Now FAAARRRRRK. That was funny. Just watched episode one on Youtube.
Will definitely have to keep watching now. So many Boosh cameos!


----------



## superodalisque (May 8, 2009)

Kendra i'll be right over with Ab Fab

Ab Fab
To The Manor Born
As Time Goes By
Coupling
Last of The Summer Wine
Man Child
Black Adder
Benny Hill
Waiting For God
Are You Being Served
Kumars at Number 42


----------



## KendraLee (May 8, 2009)

frankman said:


> Why doesn't anyone else mention Coupling? That show could make me piss my pants laughing.



Forgot about Coupling but I knew there was another one I liked. I was able to rent it locally.


----------



## KendraLee (May 8, 2009)

superodalisque said:


> Kendra i'll be right over with Ab Fab. i love some of the older ones too like To The Manor Born and As Time Goes By. i love the romantic bent on those. Coupling is good. Last of the Summer Wine is also great. i think my all time fav is the black adder series. i particularly love the ones set in medieval and elizabethan times because there are a lot if in jokes for history buffs so no matter how many times i watch its new and fresh. but there are really too many to mention because i'm a real anglophile when it comes to t.v. comedies.



You actually have all the seasons? thats awesome. There are a lot of episodes I didnt see since I discovered it pretty late but I used to try to catch as many episodes I could when it was on around here.


----------



## KendraLee (May 8, 2009)

Ok This show isnt British, Its Canadian. I thought it deserved a shout out. Anyone else ever seen it?
Trailer Park Boys 

View attachment TrailerParkBoys_Poster.jpg


----------



## ladle (May 8, 2009)

KendraLee said:


> Ok This show isnt British, Its Canadian. I thought it deserved a shout out. Anyone else ever seen it?
> Trailer Park Boys



Yes!...Was watching this the other night....how is a collection of bottles of urine not funny!?!!!


----------



## olwen (May 8, 2009)

Wow, so many shows I haven't seen. 

Of the ones I've watched I liked AbFab, the mighty boosh, fawlty towers, look around you, dark place, young ones, leauge of gentlemen, benny hill, and monty python.


----------



## AshleyEileen (May 8, 2009)

Maxx Awesome said:


> .Hate to be the one to tell you but, if you haven't seen series 7 & 8 already, you will be _VERY_ disappointed, at least, I know I was.

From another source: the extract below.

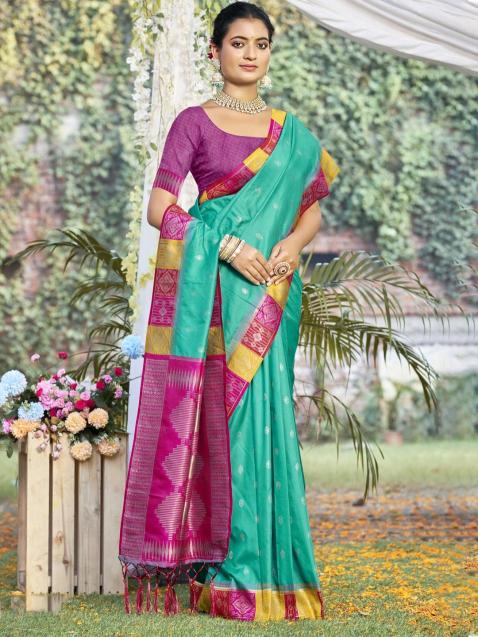 Bunawat Ralempire Silk most famous sarees in india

I have to complete the collection, though. I've seen them all. 



KendraLee said:


> Ok This show isnt British, Its Canadian. I thought it deserved a shout out. Anyone else ever seen it?
> Trailer Park Boys



LOVE IT! I've only seen the movie, but I thought it was hilarious. What channel is it on in the US?


----------



## olwen (May 8, 2009)

Oh I forgot Mr. Bean. That one always makes me laugh my ass off.


----------



## swilkin (May 9, 2009)

I show i think is good is the Inbetweeners.
A good line that caught me by suprise was when
the lads where talking about the royal family
and Jay said he bets that Prince Philip shags the Queen up the arse.


----------



## GoldenDelicious (May 9, 2009)

KendraLee said:


> Ok This show isnt British, Its Canadian. I thought it deserved a shout out. Anyone else ever seen it?
> Trailer Park Boys


I haven't seen this one, I don't think they show it in the UK?


----------



## Maxx Awesome (May 9, 2009)

AshleyEileen said:


> I have to complete the collection, though. I've seen them all.



Ah so it's the completism that means you want to get the lot. That's okay. Just thought I'd give fair warning incase you hadn't


----------



## swilkin (May 9, 2009)

GoldenDelicious said:


> I haven't seen this one, I don't think they show it in the UK?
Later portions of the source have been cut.